Pere Godoy est le président de la Société Espagnole d’epidémiologie. Egalement professeur à l’Université de Lleida et responsable du comité d’experts des vaccins du gouvernement de Catalogne, le médecin analyse le déconfinement de Barcelone.
Les chiffres de contagions et de décès sont en forte baisse en Espagne depuis une dizaine de jours. Peut-on dire que le virus ne circule plus?
Absolument pas. Le Covid19 circule moins, mais il faut que la population soit consciente qu’il est toujours présent. C’est grâce aux mesures que la société a prise que la circulation du coronavirus a baissé. Les grands rassemblements du mois de mars ont provoqué une propagation extrêmement rapide. Aujourd’hui avec les gestes barrières, il circule moins. Mais si de nouveau on crée de grandes concentrations de personnes, le virus profitera de la situation car il est toujours présent. On a vu des rechutes en Corée ou en Allemagne. Nous ne devons pas nous relâcher avec l’arrivée des beaux jours.
Quand le ministère de la Santé annonce 50 contagions sur une journée, cela vous parait beaucoup ? La situation parait être sous contrôle.
Ce sont une cinquantaine de cas qui ont été détectés par les services sanitaires, ce ne sont pas toutes les contagions qui ont lieu dans le pays. Ces 50 cas ne sont pas représentatifs de la contagion communautaire en Espagne. Ce n’est pas raisonnable de le croire.
Il ne faut donc pas accélérer le déconfinement ?
Il faut être prudent. Si l’on prend la décision de relâcher certaines mesures de restriction, il faut être vigilant et extrêmement réactif sur les possibles nouveaux foyers de contaminations. Il faut insister auprès de la population sur l’importance de continuer d’appliquer les gestes barrières. Il est difficile de prédire comment va se dérouler le déconfinement d’un point de vue scientifique car nous n’avons aucun modèle, ni aucun précédent en la matière.

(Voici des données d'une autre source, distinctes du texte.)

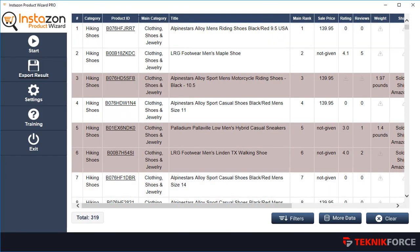You can also sort the data according to the column headers. If you want to sort by main rank, for example, just click on main rank and it will be sorted accordingly. All of these features help you spot exactly the product that can be perfect to push online, either through FBA or through an affiliate store.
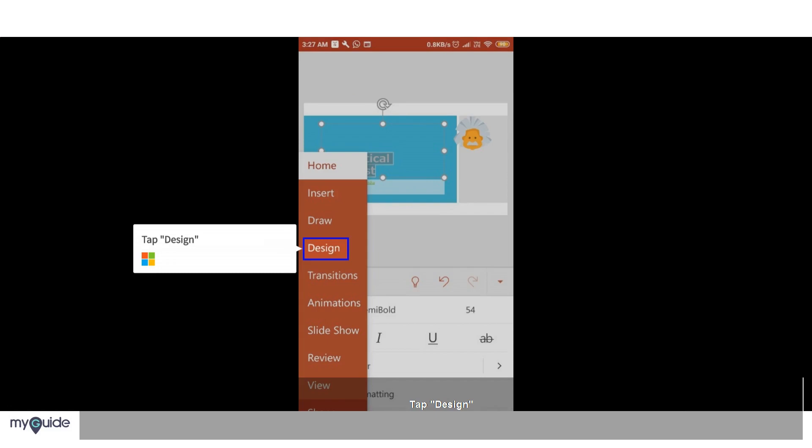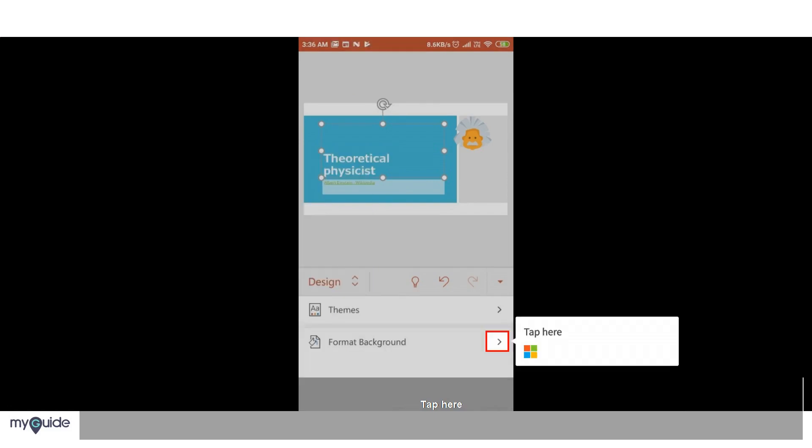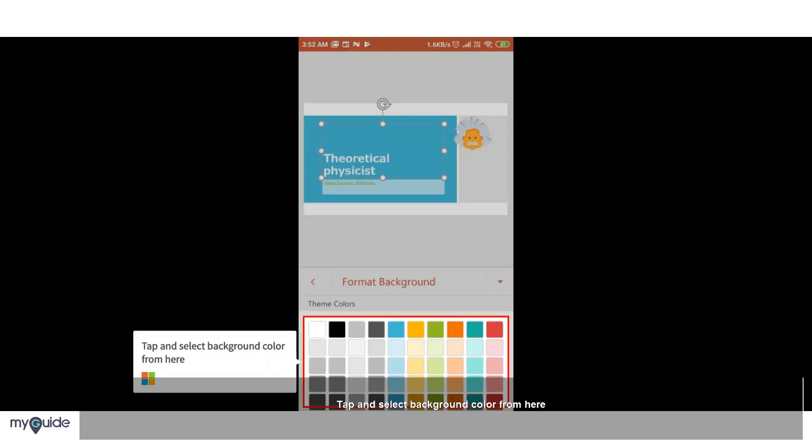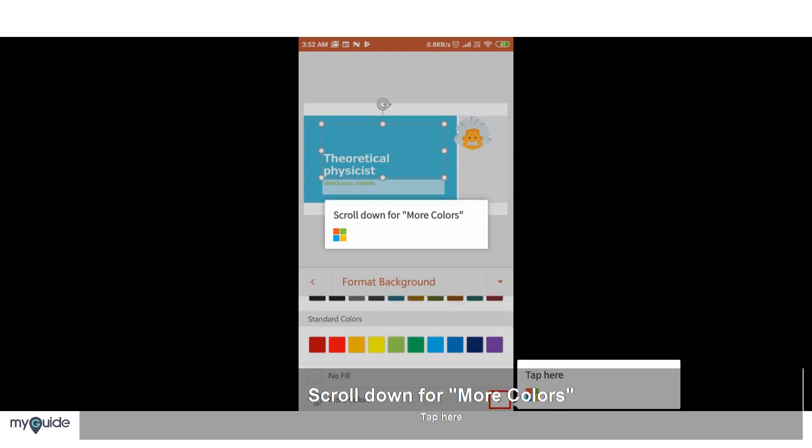Tap Design. Tap and select more colors from here. Scroll down for more colors.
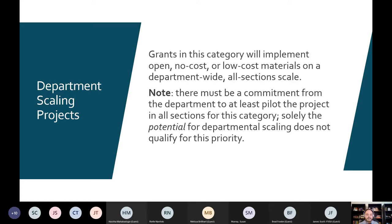Departmental scaling is another priority. If you've implemented OER on your own and would like to bring it up to a department-wide scale, and your department agrees to make a change to all of the courses — teaching with open, no-cost, or low-cost materials department-wide across all sections — then you can say this is a departmental scaling project. We do need to make sure the department commits to at least pilot the project. If you apply for departmental scaling and it doesn't happen because nobody buys in, that doesn't bode well for the results of the grant. It has to be clearly stated.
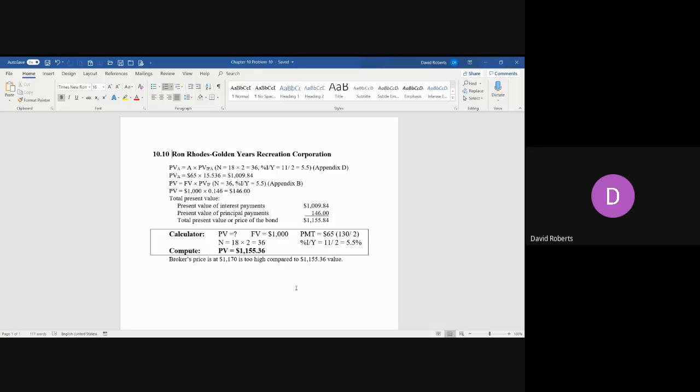Current interest rates, which is the market rate or also known as the yield rate, is now 11%. So that interest rate of the bond has gone from 13 to 11, that means the bond will be selling at a premium. If they were both the same number, it'd be simple—it'd be $1,000.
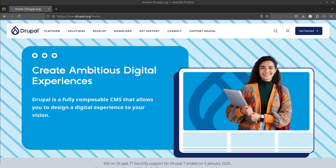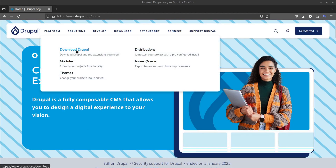In this video, I'm going to show you how to install Drupal CMS using DDEV. First, go to Drupal's website and download the latest version of Drupal CMS.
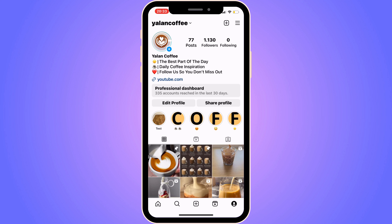The first step is to go into your Instagram app. As you can see, I'm currently on my Instagram app right now. Come to your app, then go to your profile. Once you're on your profile, click on the three lines in the top right corner.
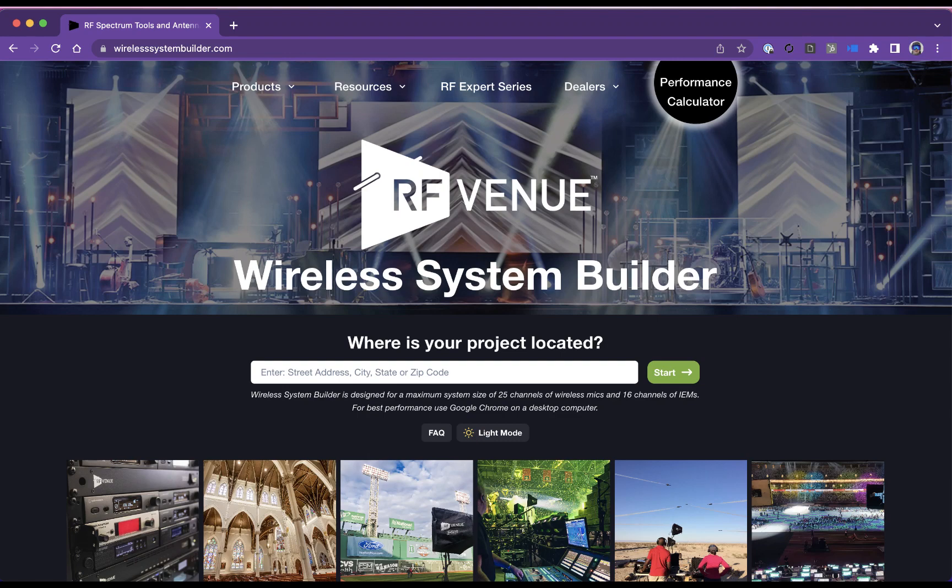Wireless System Builder by RF Venue is a free tool that helps you design a wireless microphone or in-ear monitor system quickly and easily.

Concernant la durée du confinement, prend-on suffisamment en compte le fait que la situation est psychologiquement dangereuse pour certaines personnes? Par exemple, les Barcelonais ne pourront pas sortir de la ville ou de la banlieue pendant encore au moins 3 semaines. Ces restrictions qui durent depuis le 15 mars dernier ne peuvent-elles pas également être préjudiciables pour la santé nerveuse des individus ?
Bien sûr, j’en suis conscient. Tout comme les complications de la situation économico-sociale dérivée du confinement vont avoir des conséquences sur la santé des personnes affectées. Il n’existe pas un guide scientifique de ce qui est est bien ou mal dans cette crise. Ces décisions qui sont difficiles et compliquées sont des choix politiques. Ceci étant dit nous devons prendre aussi en compte les conséquences d’une seconde vague ou de nouveaux foyers d’infections. Les retombées en matière de tourisme ou d’économie seraient particulièrement négatives. La priorité est d’empêcher la transmission du virus, ne pas détruire l’économie et permettre une vie sociale.
En France, on peut désormais circuler dans tout le pays, accéder aux plages, les centres commerciaux sont ouverts. Comment expliquez-vous les différences avec l’Espagne?
Les grandes et fréquentes réunions familiales, le bon climat, les horaires, le tourisme font que la vie sociale en Espagne est très forte. Le mode de vie espagnol est propice à la circulation du virus. Mais je nuancerais votre question car la France a pris aussi des mesures très fortes et les différences dans les solutions mises en oeuvre entre les deux pays ne sont pas très grandes.
Que pensez-vous de l’ouverture de la frontière franco-espagnole au mois de juillet ?
Il faut le faire avec prudence. Il faut bien expliquer aux touristes l’importance de suivre les recommandations sanitaires et les gestes barrières. Faire venir des vacanciers pour provoquer de nouveaux foyers de contaminations serait très négatif pour le tourisme et pour le pays.